Looking over at the clock on my desktop computer as I put the final touches on designing a page for today's edition, I realize that my time in the Devils Lake Journal office is winding down.
In the next few minutes, I will be saying my customary "Good night" wishes to the employees still in the office. I have done it for more than a year-and-a-half, so why would I do anything else?
This reminds me that in a week, I will be in a new setting. In less than five days, I won't be in Devils Lake or in the friendly confines of the Journal building.
Instead, I will find myself in a completely unfamiliar setting in fact.
When I leave the office Monday afternoon, I will not be employed full-time as a newspaper reporter for the first time in seven years.
As I sit here trying to write one of my final columns, I am reminded of how different it will be. There won't be any more banter with co-workers, no time on the phone setting up interviews or early mornings designing pages for that day's newspaper.

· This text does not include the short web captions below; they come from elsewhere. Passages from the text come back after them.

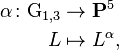 \begin{align}
\alpha \colon \mathrm{G}_{1,3} & \rightarrow \mathbf{P}^5 \\
L & \mapsto L^{\alpha},
\end{align}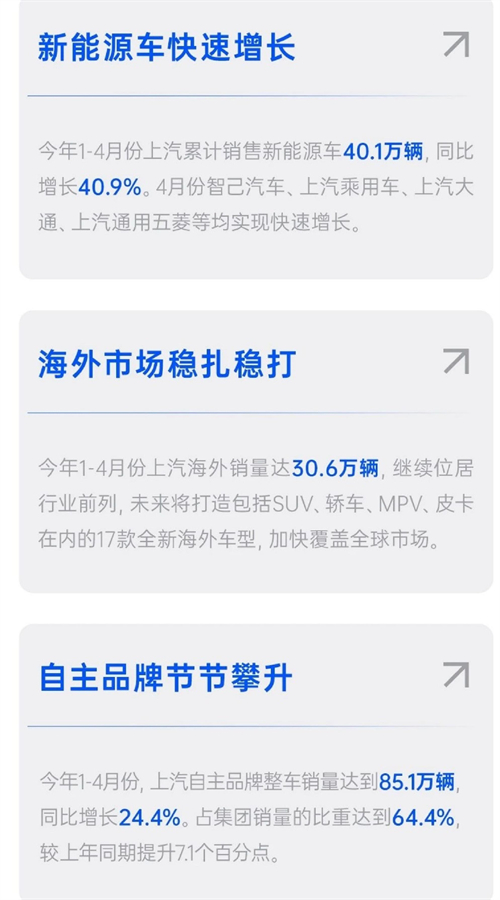 四维裂变重构增长逻辑，上汽亮出头部车企转型进化新样本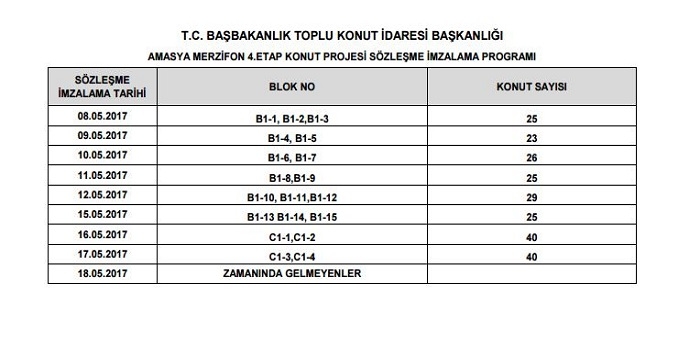 Toki Amasya Merzifon 4. etap sözleşme imzalama dönemi başlıyor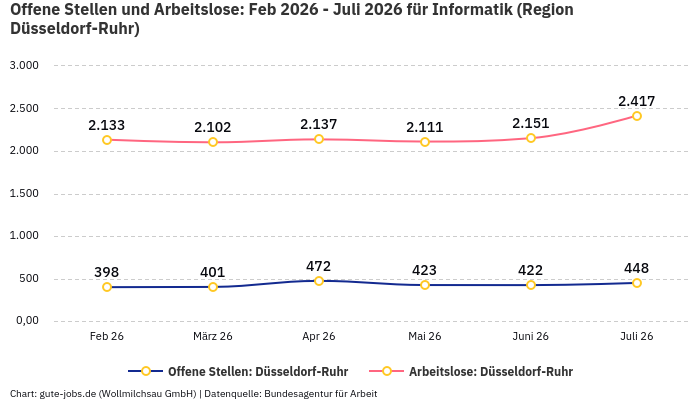 Offene Stellen und Arbeitslose: Feb 2026 - Juli 2026 | Für Informatik | Region Düsseldorf-Ruhr Offene Stellen und Arbeitslose: Feb 2026 - Juli 2026 | Für Informatik | Region Düsseldorf-Ruhr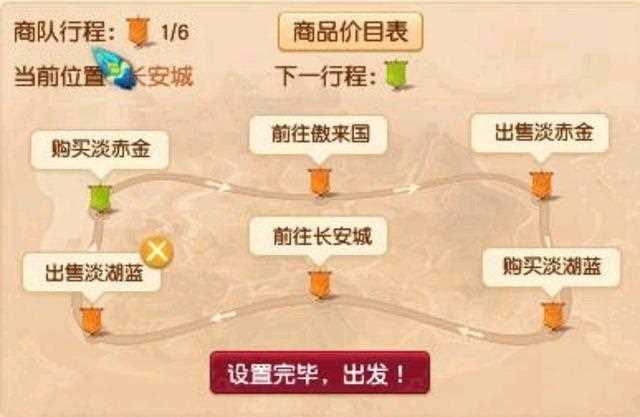 梦幻西游口袋版跑商赚钱全攻略 实用路线方法新手也能上手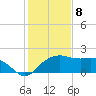 East Jetty tide chart for Monday, January 8, 2024
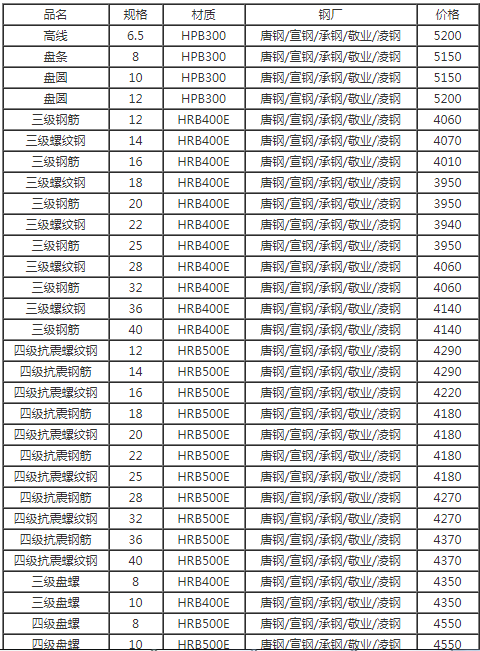 2018.5.2日今日北京钢材市场价格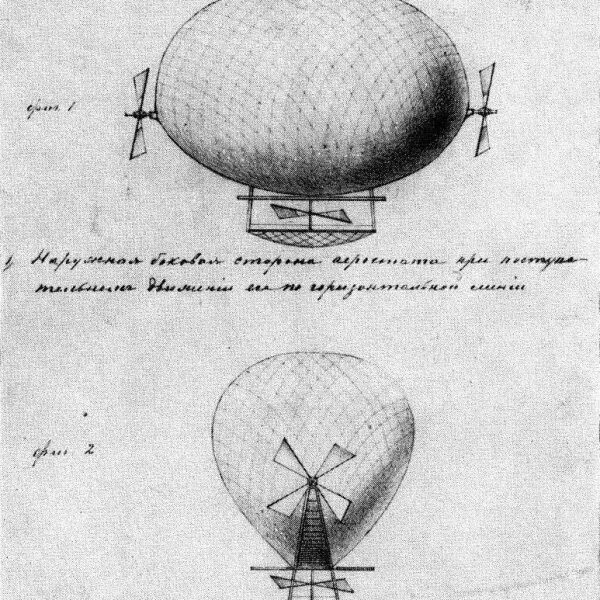 аэростат стратостат дирижабль. вклад менделеева в воздухоплавание. аэростат менделеева. менделеев воздушный шар. аэростат менделеева.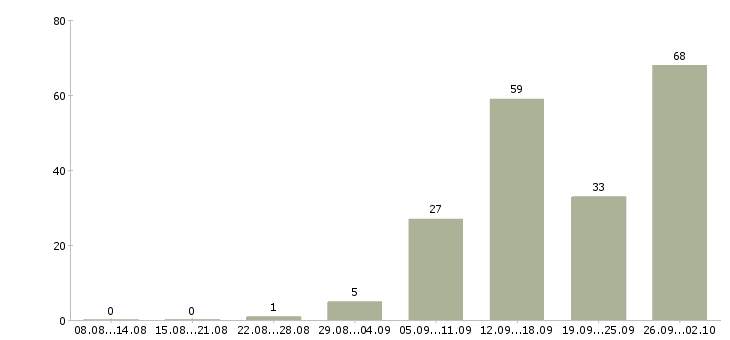 Работа оператор звонков в Саратове - Число вакансий в Саратове по специальности оператор звонков за 2 месяца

With each of these realizations, I can't help but think how different my daily life is going to be next week.
Despite giving my notice around two months ago, I haven't thought about the end very often.
Tonight, however, as I strategize how to get everything packed up, it's all I can think about.
And I am reminded that this is the toughest decision I have ever made.
I truly love this community and this job. So, what led me to making the most difficult choice of my life to date?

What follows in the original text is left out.